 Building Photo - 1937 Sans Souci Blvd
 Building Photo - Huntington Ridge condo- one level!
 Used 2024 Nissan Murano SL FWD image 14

________

*Task instructions*: With nothing added or dropped, reproduce all the data exactly.

*Finished task*:
 Building Photo - 1937 Sans Souci Blvd
 Building Photo - Huntington Ridge condo- one level!
 Used 2024 Nissan Murano SL FWD image 14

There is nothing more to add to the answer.